■ Problem description
Transcribe, starting at the line with "Bella Vista - Orquidea" and ending at the line with "ЮМЗ 6АКМ, объемом", every line of the material below exactly, but leave out the pictures and anything outside that span.

■ Extracted data
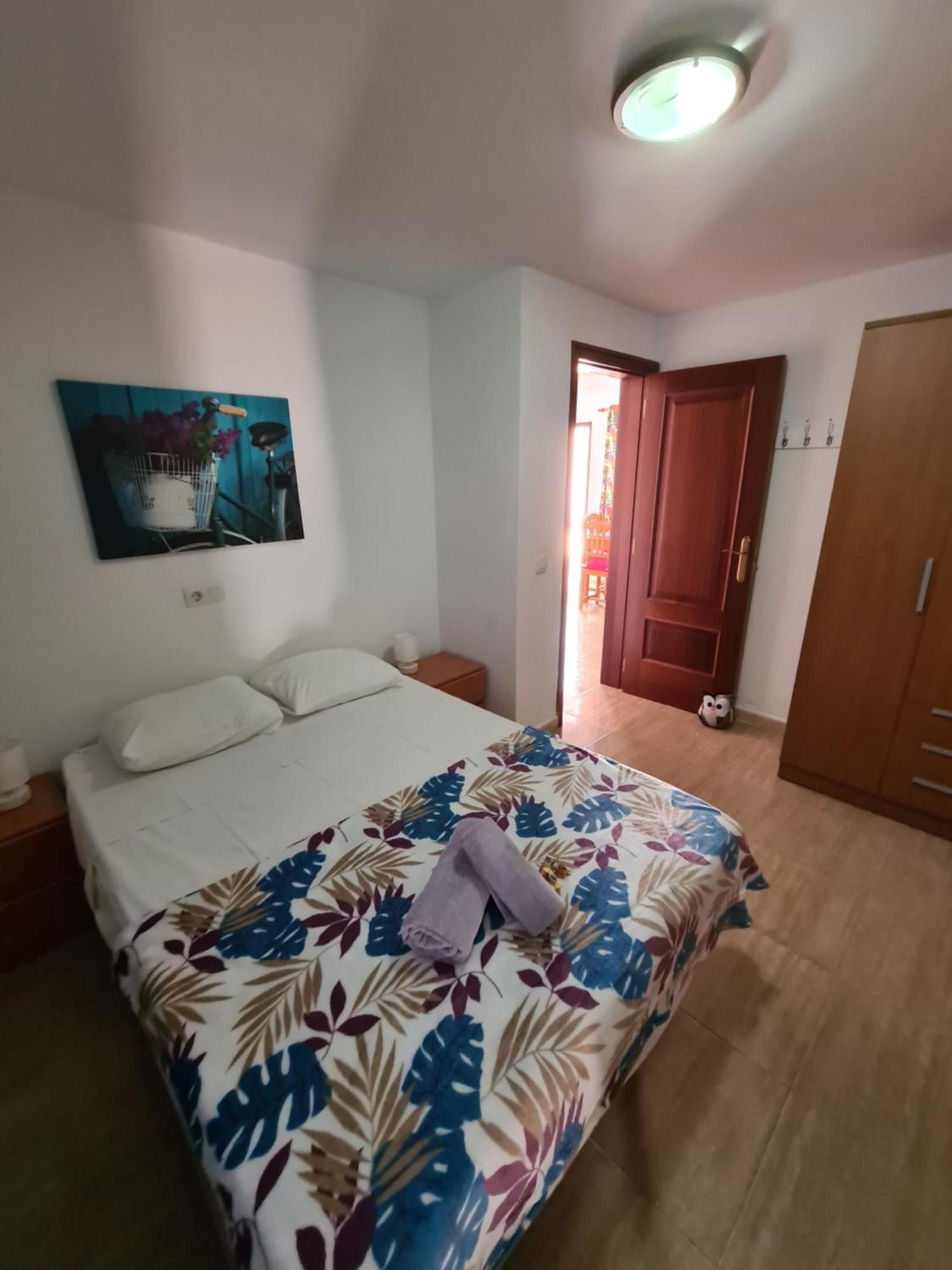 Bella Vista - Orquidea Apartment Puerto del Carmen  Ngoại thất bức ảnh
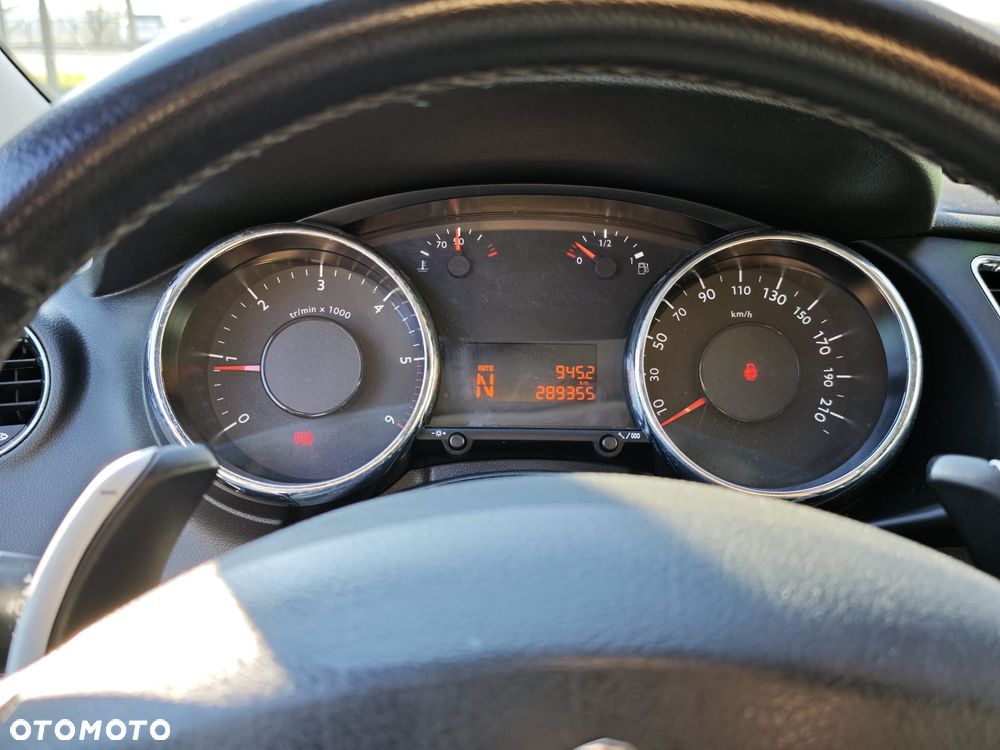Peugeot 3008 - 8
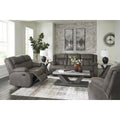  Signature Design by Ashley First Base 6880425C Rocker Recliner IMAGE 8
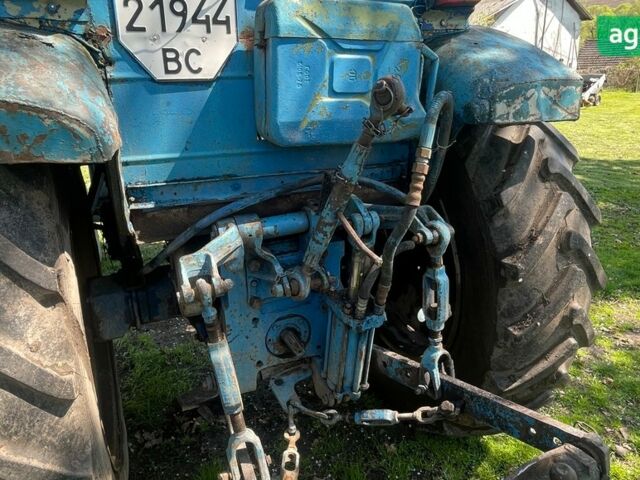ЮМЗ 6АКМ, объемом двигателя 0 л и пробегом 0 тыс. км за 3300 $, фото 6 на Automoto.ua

==

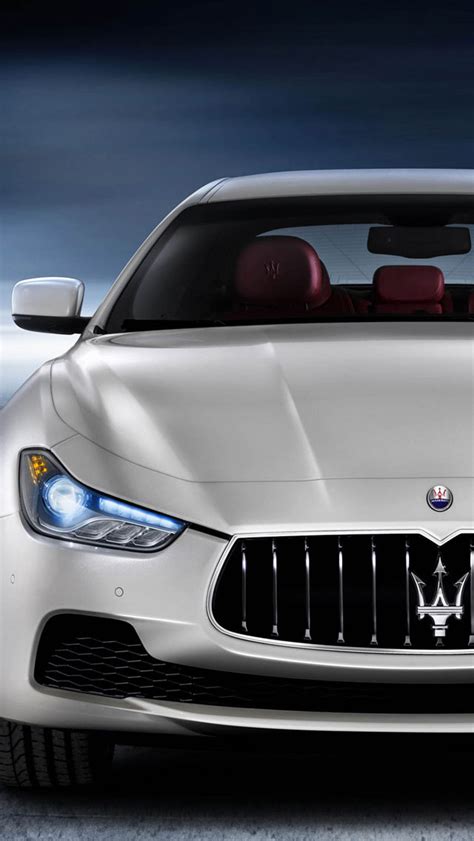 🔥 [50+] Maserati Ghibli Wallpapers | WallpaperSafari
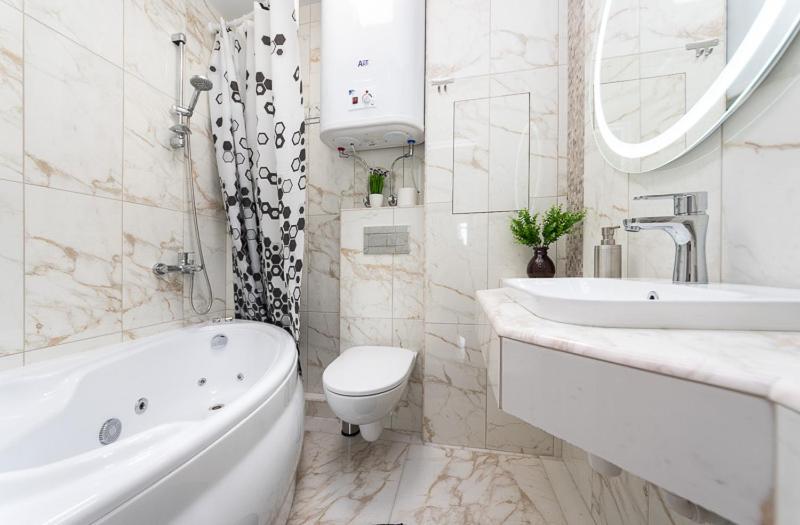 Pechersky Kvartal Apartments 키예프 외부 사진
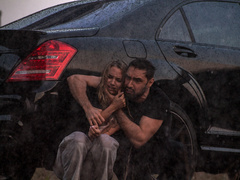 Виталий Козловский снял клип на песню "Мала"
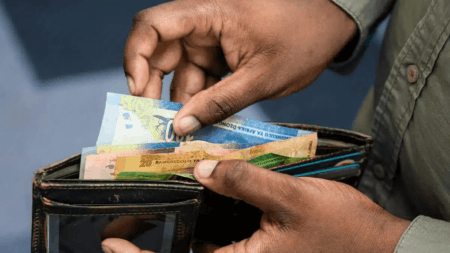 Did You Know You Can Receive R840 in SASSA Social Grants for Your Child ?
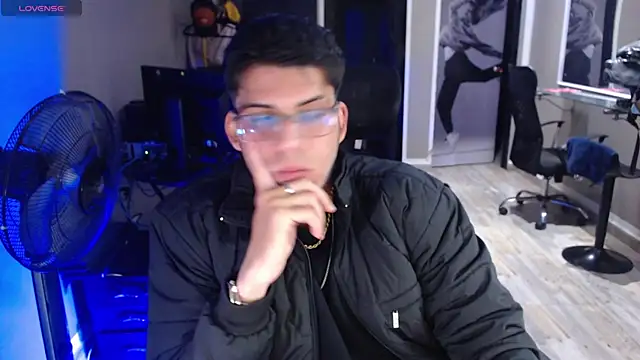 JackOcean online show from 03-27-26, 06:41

...

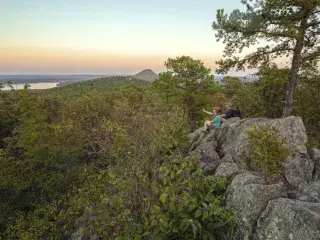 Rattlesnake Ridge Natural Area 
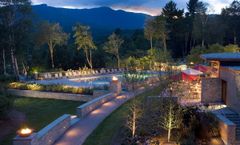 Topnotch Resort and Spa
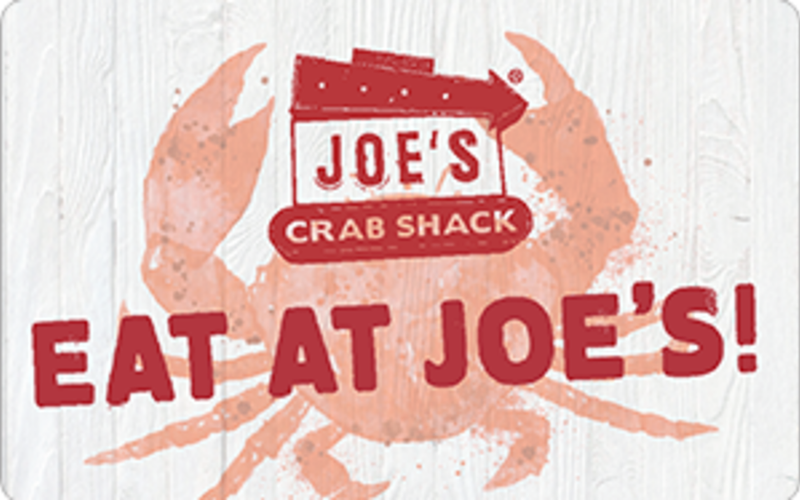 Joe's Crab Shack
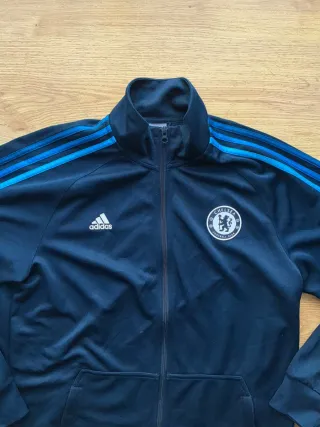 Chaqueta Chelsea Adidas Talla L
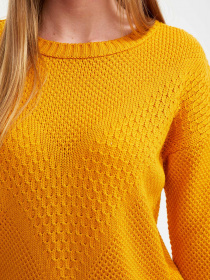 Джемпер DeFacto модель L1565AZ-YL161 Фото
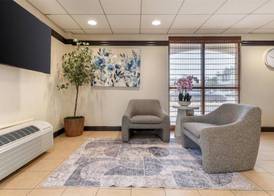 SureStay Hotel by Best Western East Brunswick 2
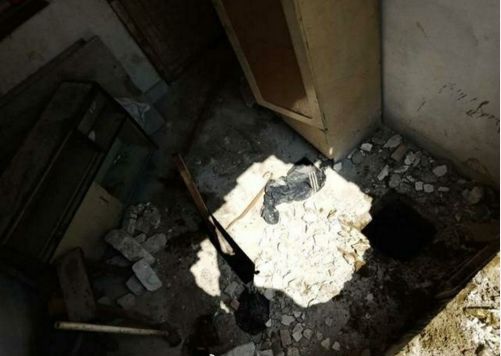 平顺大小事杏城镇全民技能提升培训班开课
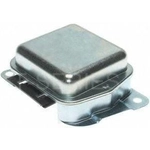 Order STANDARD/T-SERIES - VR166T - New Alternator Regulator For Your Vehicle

■ Exercise solution
 Bella Vista - Orquidea Apartment Puerto del Carmen  Ngoại thất bức ảnh
Peugeot 3008 - 8
  Signature Design by Ashley First Base 6880425C Rocker Recliner IMAGE 8
ЮМЗ 6АКМ, объемом двигателя 0 л и пробегом 0 тыс. км за 3300 $, фото 6 на Automoto.ua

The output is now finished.